--- REQUIRED ACTION ---
Please copy out each line of the entries in which "Wallet" appears.

--- SUPPLIED DATA ---
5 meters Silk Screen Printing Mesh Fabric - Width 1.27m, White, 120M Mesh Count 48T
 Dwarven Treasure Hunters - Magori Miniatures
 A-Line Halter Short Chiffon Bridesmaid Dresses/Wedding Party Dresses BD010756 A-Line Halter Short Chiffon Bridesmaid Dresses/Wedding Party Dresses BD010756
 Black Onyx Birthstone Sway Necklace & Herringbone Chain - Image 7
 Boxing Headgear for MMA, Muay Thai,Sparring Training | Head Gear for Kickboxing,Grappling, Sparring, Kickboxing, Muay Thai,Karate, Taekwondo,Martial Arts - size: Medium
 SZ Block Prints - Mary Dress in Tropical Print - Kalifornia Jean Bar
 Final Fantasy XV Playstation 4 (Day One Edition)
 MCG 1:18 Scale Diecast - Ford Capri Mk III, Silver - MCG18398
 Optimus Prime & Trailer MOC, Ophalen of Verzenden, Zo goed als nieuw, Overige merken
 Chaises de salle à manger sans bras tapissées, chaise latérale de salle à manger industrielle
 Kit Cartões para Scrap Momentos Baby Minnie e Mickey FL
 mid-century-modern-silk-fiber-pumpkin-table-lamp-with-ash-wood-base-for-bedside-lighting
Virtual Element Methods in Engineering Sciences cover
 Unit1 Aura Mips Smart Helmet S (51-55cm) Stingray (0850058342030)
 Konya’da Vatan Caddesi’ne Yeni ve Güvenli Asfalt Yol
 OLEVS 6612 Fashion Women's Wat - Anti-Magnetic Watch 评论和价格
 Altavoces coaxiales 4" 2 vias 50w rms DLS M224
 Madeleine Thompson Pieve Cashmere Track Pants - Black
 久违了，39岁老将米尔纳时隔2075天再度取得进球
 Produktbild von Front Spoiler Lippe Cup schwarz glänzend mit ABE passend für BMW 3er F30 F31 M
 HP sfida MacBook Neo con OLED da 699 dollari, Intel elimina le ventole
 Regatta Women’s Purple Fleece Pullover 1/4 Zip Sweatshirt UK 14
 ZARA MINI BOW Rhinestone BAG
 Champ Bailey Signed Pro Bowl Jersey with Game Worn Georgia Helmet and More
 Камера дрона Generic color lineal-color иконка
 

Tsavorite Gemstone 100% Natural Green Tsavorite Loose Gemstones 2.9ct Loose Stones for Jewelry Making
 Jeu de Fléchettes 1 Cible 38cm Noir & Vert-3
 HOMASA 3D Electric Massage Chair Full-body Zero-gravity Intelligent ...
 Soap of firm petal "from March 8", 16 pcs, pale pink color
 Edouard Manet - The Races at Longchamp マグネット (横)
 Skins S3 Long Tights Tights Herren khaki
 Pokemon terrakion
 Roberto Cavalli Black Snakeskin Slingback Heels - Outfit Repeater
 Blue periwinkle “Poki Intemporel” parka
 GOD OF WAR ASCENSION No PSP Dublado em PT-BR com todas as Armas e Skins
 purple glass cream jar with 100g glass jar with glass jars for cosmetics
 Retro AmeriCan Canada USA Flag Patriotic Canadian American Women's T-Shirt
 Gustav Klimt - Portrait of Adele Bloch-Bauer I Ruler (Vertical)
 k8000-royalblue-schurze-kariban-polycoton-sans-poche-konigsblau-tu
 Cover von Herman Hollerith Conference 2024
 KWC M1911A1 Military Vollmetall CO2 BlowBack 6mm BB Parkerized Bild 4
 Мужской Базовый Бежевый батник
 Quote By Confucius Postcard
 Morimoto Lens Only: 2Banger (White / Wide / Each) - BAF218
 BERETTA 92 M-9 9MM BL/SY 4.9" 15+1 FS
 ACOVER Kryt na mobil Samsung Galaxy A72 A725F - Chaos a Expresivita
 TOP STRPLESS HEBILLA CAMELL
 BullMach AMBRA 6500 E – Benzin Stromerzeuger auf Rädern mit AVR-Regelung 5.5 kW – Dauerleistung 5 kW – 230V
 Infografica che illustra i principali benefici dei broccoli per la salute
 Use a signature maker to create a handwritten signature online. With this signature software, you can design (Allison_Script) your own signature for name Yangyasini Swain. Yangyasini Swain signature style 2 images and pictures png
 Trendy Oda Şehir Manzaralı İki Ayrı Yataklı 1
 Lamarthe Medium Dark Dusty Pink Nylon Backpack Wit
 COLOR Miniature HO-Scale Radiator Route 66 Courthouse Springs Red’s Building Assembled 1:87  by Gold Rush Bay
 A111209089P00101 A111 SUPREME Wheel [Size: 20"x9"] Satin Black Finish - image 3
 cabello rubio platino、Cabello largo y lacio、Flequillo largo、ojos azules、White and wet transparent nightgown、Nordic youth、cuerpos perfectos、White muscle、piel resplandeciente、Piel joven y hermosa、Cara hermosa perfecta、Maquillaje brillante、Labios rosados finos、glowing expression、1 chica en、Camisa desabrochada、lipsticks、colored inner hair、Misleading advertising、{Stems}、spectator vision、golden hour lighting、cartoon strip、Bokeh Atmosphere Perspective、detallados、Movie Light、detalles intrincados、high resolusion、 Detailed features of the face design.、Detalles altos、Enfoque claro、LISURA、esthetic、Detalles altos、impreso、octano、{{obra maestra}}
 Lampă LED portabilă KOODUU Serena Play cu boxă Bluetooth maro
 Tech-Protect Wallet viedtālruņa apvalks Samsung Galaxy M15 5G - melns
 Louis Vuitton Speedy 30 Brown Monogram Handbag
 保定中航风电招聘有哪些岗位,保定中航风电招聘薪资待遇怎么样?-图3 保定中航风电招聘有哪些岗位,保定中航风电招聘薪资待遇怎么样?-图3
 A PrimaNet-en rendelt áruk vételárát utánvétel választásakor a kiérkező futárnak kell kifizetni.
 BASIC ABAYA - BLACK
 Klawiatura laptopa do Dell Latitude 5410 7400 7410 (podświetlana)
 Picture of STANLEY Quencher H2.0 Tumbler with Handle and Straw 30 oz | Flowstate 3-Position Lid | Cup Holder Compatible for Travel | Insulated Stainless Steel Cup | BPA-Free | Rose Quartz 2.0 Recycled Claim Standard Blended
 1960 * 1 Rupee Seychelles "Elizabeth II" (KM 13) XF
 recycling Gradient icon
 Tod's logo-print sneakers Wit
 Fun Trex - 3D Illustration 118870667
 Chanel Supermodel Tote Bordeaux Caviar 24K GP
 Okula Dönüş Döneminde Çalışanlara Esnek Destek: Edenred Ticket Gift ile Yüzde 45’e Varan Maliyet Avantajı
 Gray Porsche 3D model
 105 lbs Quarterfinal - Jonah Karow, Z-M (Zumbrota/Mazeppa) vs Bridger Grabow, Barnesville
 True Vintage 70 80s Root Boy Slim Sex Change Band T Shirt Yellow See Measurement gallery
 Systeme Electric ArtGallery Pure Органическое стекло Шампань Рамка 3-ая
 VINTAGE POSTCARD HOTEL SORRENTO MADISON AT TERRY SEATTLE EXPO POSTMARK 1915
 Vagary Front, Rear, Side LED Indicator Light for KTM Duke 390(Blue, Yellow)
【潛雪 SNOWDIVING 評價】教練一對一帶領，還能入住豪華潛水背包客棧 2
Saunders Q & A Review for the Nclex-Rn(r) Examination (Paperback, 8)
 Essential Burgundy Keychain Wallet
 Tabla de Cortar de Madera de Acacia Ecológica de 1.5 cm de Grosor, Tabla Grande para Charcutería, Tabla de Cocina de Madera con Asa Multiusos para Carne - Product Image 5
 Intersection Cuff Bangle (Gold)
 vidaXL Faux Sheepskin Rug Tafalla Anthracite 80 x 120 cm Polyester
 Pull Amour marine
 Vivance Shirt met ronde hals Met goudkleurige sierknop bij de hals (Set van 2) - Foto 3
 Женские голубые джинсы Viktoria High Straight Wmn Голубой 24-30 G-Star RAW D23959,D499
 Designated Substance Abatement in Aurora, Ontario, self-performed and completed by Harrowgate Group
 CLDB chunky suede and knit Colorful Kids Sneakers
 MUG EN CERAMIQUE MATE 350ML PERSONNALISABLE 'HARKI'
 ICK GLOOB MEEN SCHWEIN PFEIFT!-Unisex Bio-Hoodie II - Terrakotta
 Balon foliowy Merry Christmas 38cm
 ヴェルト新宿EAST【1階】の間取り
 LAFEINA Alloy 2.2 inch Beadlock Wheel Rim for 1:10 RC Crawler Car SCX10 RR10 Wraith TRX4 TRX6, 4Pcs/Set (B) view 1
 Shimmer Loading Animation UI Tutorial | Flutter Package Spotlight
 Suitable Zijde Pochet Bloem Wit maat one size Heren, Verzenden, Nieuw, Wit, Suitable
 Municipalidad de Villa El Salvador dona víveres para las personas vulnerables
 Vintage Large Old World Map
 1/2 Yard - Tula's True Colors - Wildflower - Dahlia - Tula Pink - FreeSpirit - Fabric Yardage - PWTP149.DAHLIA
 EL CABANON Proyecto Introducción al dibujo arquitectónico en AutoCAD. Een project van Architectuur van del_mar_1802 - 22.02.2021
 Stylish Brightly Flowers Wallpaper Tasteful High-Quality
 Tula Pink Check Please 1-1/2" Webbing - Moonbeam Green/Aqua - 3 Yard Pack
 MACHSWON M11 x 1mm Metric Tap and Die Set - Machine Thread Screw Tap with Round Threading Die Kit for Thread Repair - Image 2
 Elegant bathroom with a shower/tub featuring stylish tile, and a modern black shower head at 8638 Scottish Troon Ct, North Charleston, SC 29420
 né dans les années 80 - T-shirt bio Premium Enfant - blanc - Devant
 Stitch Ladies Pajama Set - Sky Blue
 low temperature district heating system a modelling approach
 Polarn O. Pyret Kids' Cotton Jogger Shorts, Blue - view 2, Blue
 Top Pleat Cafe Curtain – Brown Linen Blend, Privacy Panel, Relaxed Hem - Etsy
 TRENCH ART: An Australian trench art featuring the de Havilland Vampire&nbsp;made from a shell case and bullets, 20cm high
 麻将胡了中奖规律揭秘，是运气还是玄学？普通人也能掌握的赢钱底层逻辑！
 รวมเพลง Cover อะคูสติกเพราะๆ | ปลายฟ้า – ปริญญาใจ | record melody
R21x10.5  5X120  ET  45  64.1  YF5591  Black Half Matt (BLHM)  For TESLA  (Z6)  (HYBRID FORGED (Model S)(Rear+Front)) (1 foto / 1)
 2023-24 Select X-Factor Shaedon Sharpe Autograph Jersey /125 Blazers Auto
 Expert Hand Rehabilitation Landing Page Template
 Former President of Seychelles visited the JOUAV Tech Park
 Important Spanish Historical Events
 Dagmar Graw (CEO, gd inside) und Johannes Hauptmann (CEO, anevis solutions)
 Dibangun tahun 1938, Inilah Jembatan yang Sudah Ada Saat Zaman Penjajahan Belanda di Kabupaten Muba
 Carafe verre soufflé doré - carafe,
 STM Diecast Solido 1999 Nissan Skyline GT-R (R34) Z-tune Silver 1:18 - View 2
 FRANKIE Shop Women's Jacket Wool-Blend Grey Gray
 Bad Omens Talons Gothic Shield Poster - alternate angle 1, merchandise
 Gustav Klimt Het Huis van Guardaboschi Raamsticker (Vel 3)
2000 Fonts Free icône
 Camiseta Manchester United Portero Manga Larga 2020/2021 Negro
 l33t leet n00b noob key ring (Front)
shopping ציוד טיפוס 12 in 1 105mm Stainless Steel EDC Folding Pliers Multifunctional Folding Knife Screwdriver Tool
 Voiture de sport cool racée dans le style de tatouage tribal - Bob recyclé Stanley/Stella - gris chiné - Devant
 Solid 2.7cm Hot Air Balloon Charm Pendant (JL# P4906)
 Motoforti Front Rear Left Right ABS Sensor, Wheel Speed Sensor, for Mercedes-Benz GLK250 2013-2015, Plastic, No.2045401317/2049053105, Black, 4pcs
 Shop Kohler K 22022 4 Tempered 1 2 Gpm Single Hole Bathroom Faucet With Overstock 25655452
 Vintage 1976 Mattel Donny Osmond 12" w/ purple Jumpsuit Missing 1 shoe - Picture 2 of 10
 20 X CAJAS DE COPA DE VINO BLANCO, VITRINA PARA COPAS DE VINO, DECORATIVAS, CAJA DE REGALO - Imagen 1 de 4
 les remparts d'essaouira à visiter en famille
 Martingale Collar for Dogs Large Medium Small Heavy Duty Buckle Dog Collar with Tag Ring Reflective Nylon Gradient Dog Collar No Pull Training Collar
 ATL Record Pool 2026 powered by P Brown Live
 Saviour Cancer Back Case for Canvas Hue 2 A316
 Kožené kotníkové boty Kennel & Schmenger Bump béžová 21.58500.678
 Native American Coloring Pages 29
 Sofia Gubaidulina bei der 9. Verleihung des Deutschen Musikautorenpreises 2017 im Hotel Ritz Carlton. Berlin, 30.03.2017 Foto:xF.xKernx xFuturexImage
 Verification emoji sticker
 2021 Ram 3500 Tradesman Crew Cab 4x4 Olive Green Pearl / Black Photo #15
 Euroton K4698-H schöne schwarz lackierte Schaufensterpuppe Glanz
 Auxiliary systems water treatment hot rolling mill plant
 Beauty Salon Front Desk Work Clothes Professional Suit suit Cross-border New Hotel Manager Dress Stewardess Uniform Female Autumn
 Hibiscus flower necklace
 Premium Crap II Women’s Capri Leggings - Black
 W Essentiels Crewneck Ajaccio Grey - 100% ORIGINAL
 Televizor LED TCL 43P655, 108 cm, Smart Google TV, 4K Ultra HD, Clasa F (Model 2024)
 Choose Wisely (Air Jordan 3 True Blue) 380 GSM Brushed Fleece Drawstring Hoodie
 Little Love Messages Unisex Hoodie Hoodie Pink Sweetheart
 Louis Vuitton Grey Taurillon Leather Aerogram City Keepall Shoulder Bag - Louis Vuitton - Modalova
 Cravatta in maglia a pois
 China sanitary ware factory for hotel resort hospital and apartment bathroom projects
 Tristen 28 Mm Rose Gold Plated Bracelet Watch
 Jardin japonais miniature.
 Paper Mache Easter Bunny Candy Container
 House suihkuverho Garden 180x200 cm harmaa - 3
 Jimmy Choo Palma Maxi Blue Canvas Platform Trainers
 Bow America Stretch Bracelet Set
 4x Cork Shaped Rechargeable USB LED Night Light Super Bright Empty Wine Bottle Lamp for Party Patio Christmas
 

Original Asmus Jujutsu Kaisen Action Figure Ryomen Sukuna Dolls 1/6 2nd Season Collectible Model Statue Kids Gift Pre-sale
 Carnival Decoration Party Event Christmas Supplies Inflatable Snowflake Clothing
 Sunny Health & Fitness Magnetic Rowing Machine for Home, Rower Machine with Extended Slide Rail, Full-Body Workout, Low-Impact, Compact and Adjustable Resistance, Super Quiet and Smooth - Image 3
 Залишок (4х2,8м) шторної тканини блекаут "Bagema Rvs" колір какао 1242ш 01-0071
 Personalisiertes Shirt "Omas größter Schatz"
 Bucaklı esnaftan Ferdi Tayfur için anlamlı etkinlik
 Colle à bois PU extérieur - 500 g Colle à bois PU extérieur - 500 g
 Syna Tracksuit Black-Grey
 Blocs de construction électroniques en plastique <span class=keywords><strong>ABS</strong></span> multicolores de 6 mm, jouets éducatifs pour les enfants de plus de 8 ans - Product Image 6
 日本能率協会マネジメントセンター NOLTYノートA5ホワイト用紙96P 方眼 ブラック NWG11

--- WRITTEN ANSWER ---
 Tech-Protect Wallet viedtālruņa apvalks Samsung Galaxy M15 5G - melns
 Essential Burgundy Keychain Wallet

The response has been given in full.